A Vanguard ETF marketed as fossil free is investing in oil and gas companies, according to the Financial Times. At the end of May, 1.4% of the Vanguard ESG US Stock ETF’s assets were invested in oil and gas firms, including Schlumberger, Kinder Morgan and Marathon Petroleum. The fund tracks the FTSE US All Cap Choice Index, which screens out firms that own fossil fuel reserves, but not oil service companies and refiners. Vanguard was quoted as saying it was “working to update the description to better reflect the index methodology and exclusions”.France’s Natixis and real estate fund manager ICAMAP have closed what they say is the first green equity bridge financing transaction, amounting to €100m for low carbon real estate development fund ICAWOOD. The proceeds will be earmarked for developing low carbon offices in the Greater Paris region. The transaction is compliant with the Loan Market Association’s 2018 Green Loan Principles and has received a Second Party Opinion from Vigeo Eiris.
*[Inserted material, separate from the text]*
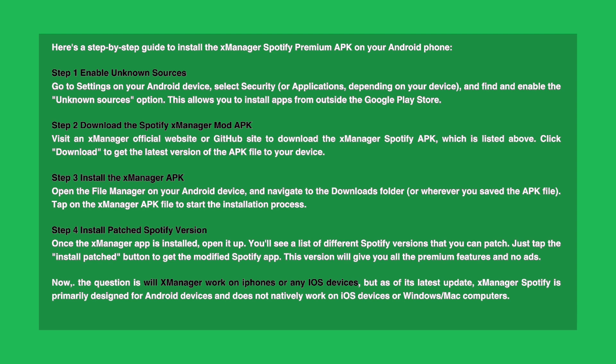Step 1 is to enable unknown sources. Go to Settings on your device, select Security or Applications depending on your device, and find and enable the Unknown Sources option. This allows you to install apps from outside the Google Play Store.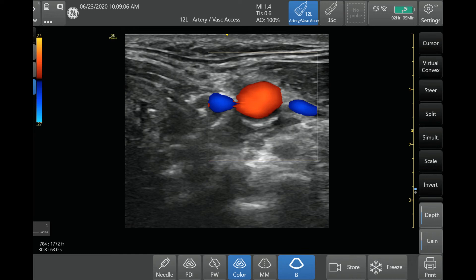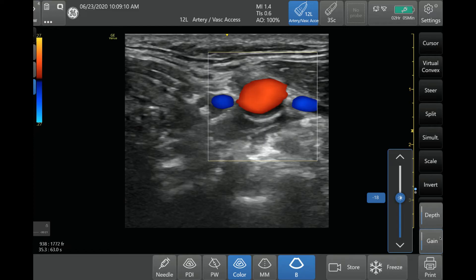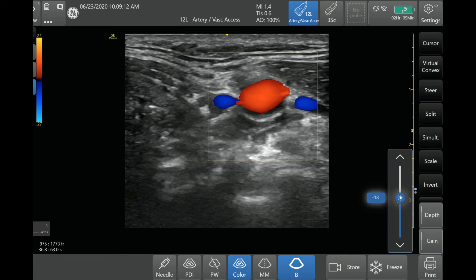The next thing you can adjust is the color Doppler gain. This is the gain button here. When you're in color Doppler mode and you push the gain button, that will change the gain of the color Doppler, not your grayscale gain. It won't change the actual brightness of the gray-black area — it'll change how much signal you're actually picking up from the color Doppler itself. Keep that in mind when you adjust your gain settings in color Doppler mode.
The £54.1m Legal & General Future World Gender in Leadership UK Index Fund (GIRL) recently attracted its first unnamed institutional investor from the academic/education sector. The GIRL fund, an equity product that tilts towards companies that score more highly on gender diversity, celebrated its first birthday in June.

German asset manager Assenagon has launched an ESG-focused credit fund which integrates negative screening, ESG assessment and engagement in its investment approach. Assenagon Credit ESG, developed in collaboration with Swiss bank BLKB, is a Luxembourg-domiciled strategy that will invest in corporate bonds, credit derivatives and crossover credits.

Octopus Energy Investments, a specialist clean energy investor and part of Octopus Group, has rebranded as Octopus Renewables to “more accurately reflect the business’s mission to accelerate the transition to a future powered by renewable energy”. Octopus Renewables is Europe’s largest investor owner of solar power and a prominent investor in onshore wind.

High-yield bond manager SKY Harbor has been awarded the LuxFLAG ESG Label for its Sustainable High Yield Bond Fund that launched at the end of 2018. The fund excludes fossil fuels, tobacco, alcohol, gambling and adult entertainment sectors and is weighted towards companies with a good level of sustainability reporting.

French asset manager Meeschaert has launched two funds focused on companies expected to benefit from the transition to a low carbon economy. The group has launched one bond fund and one equity fund – called the MAM Transition Durable Obligations and the MAM Transition Durable Actions – in collaboration with “external industry experts”. The funds select companies that are well-positioned for a 2°C scenario, including leaders in carbon-intensive sectors, as well as those that are providing solutions for the transition.

DWS Group, the listed fund manager that is 80% owned by Deutsche Bank, has expanded its range of sustainable corporate bond funds. DWS Invest ESG Euro Corporate Bonds focusses on Eurozone investment grade corporate bonds and applies DWS’s “ESG minimum standards”. It is managed by Karsten Rosenkilde, who also runs the €2bn DWS Euro Corporate Bonds offering.